Linear Regression Notes
1, find the objective/loss/penalty function in accordance with a given scenario
In linear regression, our goal is to predict a target value y given a vector of input values, say x. Suppose we have a function f which satisfies f(x) = y, or f(x) is very close to y.Naturally, the difference between f(x) and y should be very close to 0. With that said, our goal is to minimize
f(x) - y
Most of the time, we have a lot of x's(training set); and we can denote these as x1,x2,...,xn. Accordingly, we have y1, y2,all the way to yn. And we can rewrite our goal as
(f(x1) - y1) + (f(x2) - y2) + ... + (f(xn) - yn)
Mathematically, the difference between f(xi) and yi can either be negative or positive. With that said, if we add all these difference values together, they may cancel each other. Plus, the above function cannot be differentiated well to find the local minimum/maximum point so as to figure out parameters. To make things easier, people use the square form to replace the above function and rewrite it as
((f(x1) - y1)^2 + (f(x2) - y2)^2 + ...+ (f(xn) - yn)^2)
2, try to minimize the objective/loss/penalty function to figure out parameters
Derivative tells us that if a function reaches its minimum or maximum point, its first order derivative value at that point should be 0. The same rule applies to partial derivatives. We can use this to minimize the loss function, and figure out related parameters. But if we have thousands of parameters in function f, it's not that convenient for us to do so. Aha! Gradient descent comes to rescue! Mathematically, the gradient direction is the steepest direction of a function, and if we decrease the function towards the gradient direction, we can reach the said minimum point.
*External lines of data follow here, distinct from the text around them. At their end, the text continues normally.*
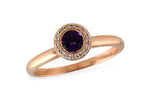 Allison Kaufman Amethyst & Diamond Ring in 14K Rose Gold, 0.26 ctw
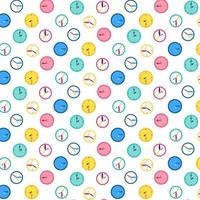 Wall clock vector seamless pattern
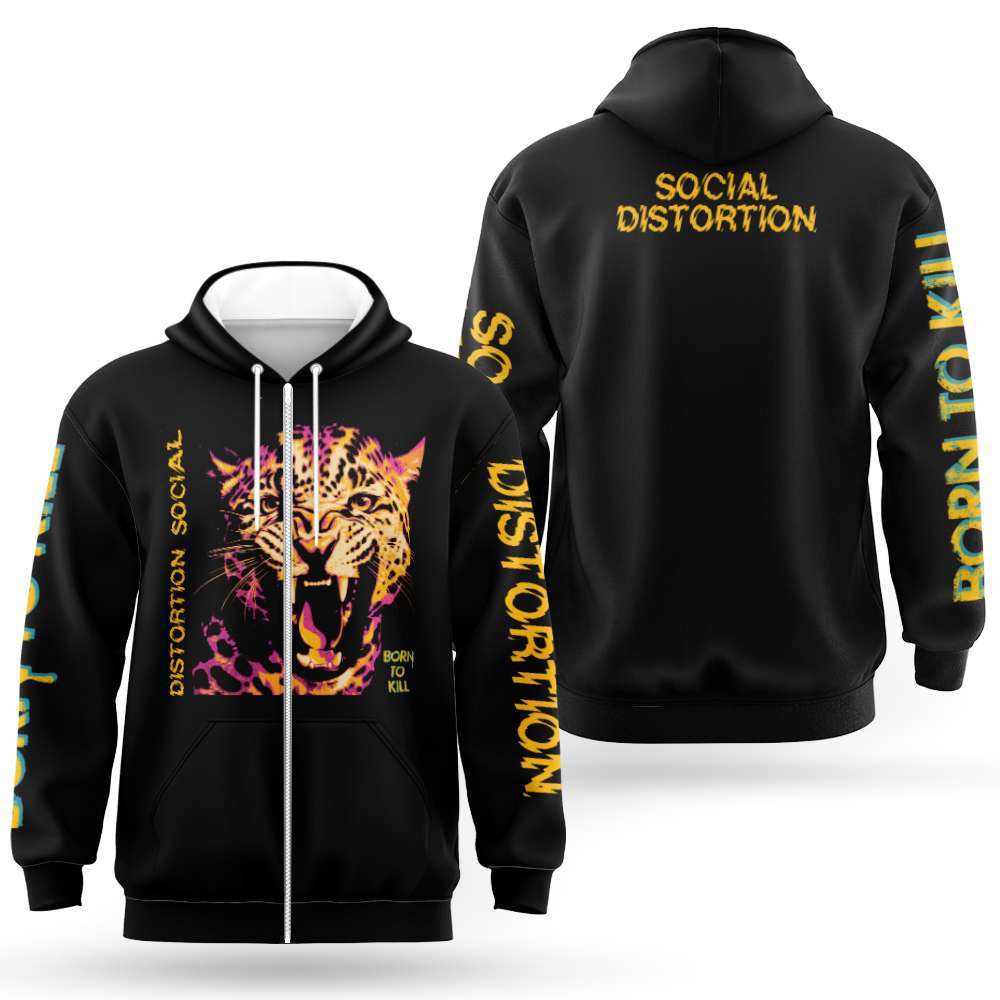 Social Distortion Born To Kill Zip Hoodie Leopard Merchandise Music Lover Gift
This can be drawn from the definition of derivative.
3, test the final function to overcome both under-fitting and over-fitting and try to make the algorithm more general
Our parameters are to be figured out using the above mentioned techniques on the training set. The training set may be sampled noisily. And this may impact our parameters. As a result, our model may fit the training set well, but cannot fit unseen data. To avoid this, we have to split our data into training set and test set, and use penalty term in our function to avoid overfitting and things alike.